- The Washington Times - Tuesday, April 14, 2015

A stronger dollar and weaker demand in its major trading partners will cut into U.S. growth through 2016, the International Monetary Fund said in a new survey Tuesday, while the forecast is a bit sunnier for Europe and Japan.

Going into this week’s annual spring meetings of the IMF and World Bank in Washington, IMF economists now predict that the American economy will grow 3.1 percent this year and next, down from January’s forecast of 3.6 percent growth in 2015 and 3.3 percent growth in 2016.

Global growth is projected to hit 3.5 percent in 2015 and 3.8 percent in 2016, which is essentially the same as last year’s numbers. But the overall uptick in global output marks some troubling trends among developing economies.

Growth forecasts for most emerging and developing economies are projected to slump. Growth is projected to slow from 4.6 percent in 2014 to 4.3 percent in 2015.

“A number of complex forces are shaping the prospects around the world,” said IMF Director of Research Olivier Blanchard. “Legacies of both the financial and the euro area crises — weak banks and high levels of public, corporate, and household debt — are still weighing on spending and growth in some countries. Low growth in turn makes deleveraging a slow process.”

Mr. Blanchard also noted that the combination of aging populations, lower investment and sluggish advances in productivity mean greater headwinds for many countries.

“More subdued growth prospects lead, in turn, to lower spending and lower growth today,” he said.

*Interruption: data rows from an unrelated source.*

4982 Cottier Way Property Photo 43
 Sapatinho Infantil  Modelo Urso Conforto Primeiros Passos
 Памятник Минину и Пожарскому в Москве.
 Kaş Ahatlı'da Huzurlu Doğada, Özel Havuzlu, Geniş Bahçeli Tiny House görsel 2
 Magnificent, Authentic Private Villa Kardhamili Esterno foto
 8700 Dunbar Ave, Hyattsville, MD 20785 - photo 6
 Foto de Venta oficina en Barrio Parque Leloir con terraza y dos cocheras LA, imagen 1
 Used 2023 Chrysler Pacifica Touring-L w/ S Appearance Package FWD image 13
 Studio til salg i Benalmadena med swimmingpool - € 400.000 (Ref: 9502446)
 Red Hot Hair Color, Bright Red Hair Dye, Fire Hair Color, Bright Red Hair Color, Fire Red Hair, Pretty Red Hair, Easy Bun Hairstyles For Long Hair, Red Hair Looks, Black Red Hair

Global growth in 2015 will come by way of a rebound in growth from advanced economies — forecast to increase from 1.8 percent last year to 2.4 percent this year

The growth is expected to be buttressed by the decline in oil prices. Oil prices are projected to decline further still in the event a nuclear deal is struck between the U.S. and Iran. An agreement could result in a lifting of sanctions against Iran and a major surge in supply on global markets. 

Economic conditions in developing economies and fledging economies, the survey found, are highly variable and react more sensitively to external conditions than in developed economies. 

The oil price declines, for example, will sharply slow growth for oil exporters, especially those that also face difficult initial conditions. 

Growth in Latin America countries will continue to weaken due to lower commodity prices. Brazil’s outlook is also affected by a drought, tighter macroeconomic policies and weak private-sector sentiment.

The fund expects Japan to grow 1 percent this year and 1.2 percent next year, versus an earlier forecast of 0.6 percent this year and 0.8 percent in 2016. The Japanese economy shrank 0.1 percent in 2014.

— This story was based in part on wire service reports.